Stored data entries

* * * * * * * * *

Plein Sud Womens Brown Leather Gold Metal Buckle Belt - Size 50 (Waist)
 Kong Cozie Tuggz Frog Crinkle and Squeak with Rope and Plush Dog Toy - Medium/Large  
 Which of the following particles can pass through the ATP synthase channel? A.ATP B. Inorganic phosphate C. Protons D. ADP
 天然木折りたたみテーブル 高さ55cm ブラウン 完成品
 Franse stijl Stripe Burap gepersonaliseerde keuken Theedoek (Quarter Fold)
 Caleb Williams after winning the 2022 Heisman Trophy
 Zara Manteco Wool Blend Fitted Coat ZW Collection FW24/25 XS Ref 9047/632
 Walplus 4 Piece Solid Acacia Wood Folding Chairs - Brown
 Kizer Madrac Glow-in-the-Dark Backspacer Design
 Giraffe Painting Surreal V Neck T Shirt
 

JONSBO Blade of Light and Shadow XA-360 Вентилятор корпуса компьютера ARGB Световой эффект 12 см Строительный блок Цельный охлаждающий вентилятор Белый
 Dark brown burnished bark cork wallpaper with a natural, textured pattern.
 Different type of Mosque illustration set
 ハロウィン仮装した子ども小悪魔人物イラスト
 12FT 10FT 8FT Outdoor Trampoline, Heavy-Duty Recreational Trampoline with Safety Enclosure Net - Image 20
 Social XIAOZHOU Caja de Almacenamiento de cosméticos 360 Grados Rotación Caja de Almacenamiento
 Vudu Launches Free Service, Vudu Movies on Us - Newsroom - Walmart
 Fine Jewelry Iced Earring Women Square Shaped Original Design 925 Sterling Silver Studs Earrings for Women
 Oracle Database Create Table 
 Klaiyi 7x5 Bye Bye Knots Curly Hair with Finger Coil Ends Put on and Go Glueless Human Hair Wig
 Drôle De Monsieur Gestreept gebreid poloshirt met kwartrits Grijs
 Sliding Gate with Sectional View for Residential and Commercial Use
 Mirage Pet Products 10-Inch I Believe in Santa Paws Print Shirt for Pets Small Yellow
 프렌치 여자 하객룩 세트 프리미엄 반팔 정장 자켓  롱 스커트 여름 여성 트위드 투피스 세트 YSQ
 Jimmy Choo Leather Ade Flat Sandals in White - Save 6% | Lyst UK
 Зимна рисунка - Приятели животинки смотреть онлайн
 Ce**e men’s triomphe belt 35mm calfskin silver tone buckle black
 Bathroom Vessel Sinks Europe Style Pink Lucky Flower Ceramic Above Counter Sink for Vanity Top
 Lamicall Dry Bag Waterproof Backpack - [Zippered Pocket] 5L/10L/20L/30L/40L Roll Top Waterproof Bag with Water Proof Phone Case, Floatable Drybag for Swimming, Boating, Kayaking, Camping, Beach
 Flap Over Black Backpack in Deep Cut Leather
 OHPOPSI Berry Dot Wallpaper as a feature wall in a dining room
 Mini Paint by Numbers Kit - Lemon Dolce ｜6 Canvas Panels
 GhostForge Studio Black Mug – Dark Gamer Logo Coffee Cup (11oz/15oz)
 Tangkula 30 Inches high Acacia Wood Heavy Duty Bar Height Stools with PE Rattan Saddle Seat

* * * * * * * * *

Goal of the exercise — Of the entries listed above, reproduce only the lines starting at the line containing "Vudu Launches Free" and ending at the line containing "Oracle Database Create Table". Include both, exactly as they stand.

Output for this task —
 Vudu Launches Free Service, Vudu Movies on Us - Newsroom - Walmart
 Fine Jewelry Iced Earring Women Square Shaped Original Design 925 Sterling Silver Studs Earrings for Women
 Oracle Database Create Table 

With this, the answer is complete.